「本当にこの時期の私はダメ。もう当分、クラブは握りたくないです」

 そう言って、藤田光里はペロッと舌を出しておどけて見せた。

 1月に行なわれたグアム知事杯女子ゴルフトーナメント(1月21日〜22日/アメリカ・グアム)に出場した藤田。通算7オーバー、29位タイという不本意な結果を受けて、自ら呆れている様子だった。ただ、その表情は昨年のオフとは明らかに違った。

「昨年のオフは、シーズンが始まるのがすごく怖かったんです。でも今年は、ちょっと楽しみな思いのほうが強いですね。私は結構、『不安だ』とか『シーズンが始まるのが怖い』とか言っているほうが、調子がよかったりするので、逆に空回りしないか心配なんですが(笑)」

 一昨年の2014年シーズンは、「大型ルーキー」として注目を浴びた。優勝こそなかったものの、賞金ランキング38位という成績を収めて、1年目からシード権を獲得した。しかし後半戦は大不振に陥って、それが2015年シーズンを前にしての不安につながった。

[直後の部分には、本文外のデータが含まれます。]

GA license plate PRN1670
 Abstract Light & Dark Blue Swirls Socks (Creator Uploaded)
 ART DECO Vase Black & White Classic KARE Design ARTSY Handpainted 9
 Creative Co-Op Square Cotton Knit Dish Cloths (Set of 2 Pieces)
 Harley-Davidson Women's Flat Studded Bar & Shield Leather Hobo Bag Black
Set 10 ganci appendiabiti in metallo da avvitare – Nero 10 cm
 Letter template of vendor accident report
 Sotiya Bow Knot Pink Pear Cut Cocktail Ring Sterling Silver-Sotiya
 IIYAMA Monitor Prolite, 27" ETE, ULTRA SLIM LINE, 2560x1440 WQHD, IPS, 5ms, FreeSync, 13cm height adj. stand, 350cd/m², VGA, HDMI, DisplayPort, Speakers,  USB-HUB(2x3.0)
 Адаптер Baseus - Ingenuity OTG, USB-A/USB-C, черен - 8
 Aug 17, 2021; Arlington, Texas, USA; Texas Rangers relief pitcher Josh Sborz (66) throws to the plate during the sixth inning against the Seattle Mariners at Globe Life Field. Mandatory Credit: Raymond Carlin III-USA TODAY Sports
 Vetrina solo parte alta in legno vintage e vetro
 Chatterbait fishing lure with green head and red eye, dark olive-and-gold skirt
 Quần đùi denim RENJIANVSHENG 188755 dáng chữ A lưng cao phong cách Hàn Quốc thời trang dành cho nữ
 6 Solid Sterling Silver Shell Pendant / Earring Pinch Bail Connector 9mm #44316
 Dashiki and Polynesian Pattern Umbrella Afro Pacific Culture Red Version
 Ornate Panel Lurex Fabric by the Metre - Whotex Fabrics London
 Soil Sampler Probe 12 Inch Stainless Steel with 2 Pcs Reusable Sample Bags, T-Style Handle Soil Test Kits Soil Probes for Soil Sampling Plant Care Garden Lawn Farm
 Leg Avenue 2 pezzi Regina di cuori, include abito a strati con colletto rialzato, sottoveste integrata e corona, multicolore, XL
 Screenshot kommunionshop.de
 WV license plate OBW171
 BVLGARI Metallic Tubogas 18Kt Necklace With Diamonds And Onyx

 そうして2年目の昨季は不安を抱きながら臨んだが、フジサンケイレディス(4月24日〜26日/静岡県)でツアー初優勝。早々に悲願を達成すると、賞金ランキングも最終的には18位という成績を残して、心配された"2年目のジンクス"など味わうことなく、さらなる飛躍を果たした。

 また、優勝したからこそ得た、喜びもあった。

「昨年は(ツアー優勝を飾って)最終戦のLPGAツアーチャンピオンシップリコーカップ(11月26日〜29日/宮崎県)に出場できた。それで、相当な達成感を得ることができました。初めて最終戦に出場してみて、『ここまで来たんだ』という実感がすごくありましたから。だから、今年もまた、そこに出たいんです」

 最終戦のツアーチャンピオンシップは、その年のツアー優勝者と、大会前週までの賞金ランキング25位以内の選手といった出場制限がある。それだけ特別な試合となるが、実際に出場することによって、その"特別感"を身にしみて感じることができたようだ。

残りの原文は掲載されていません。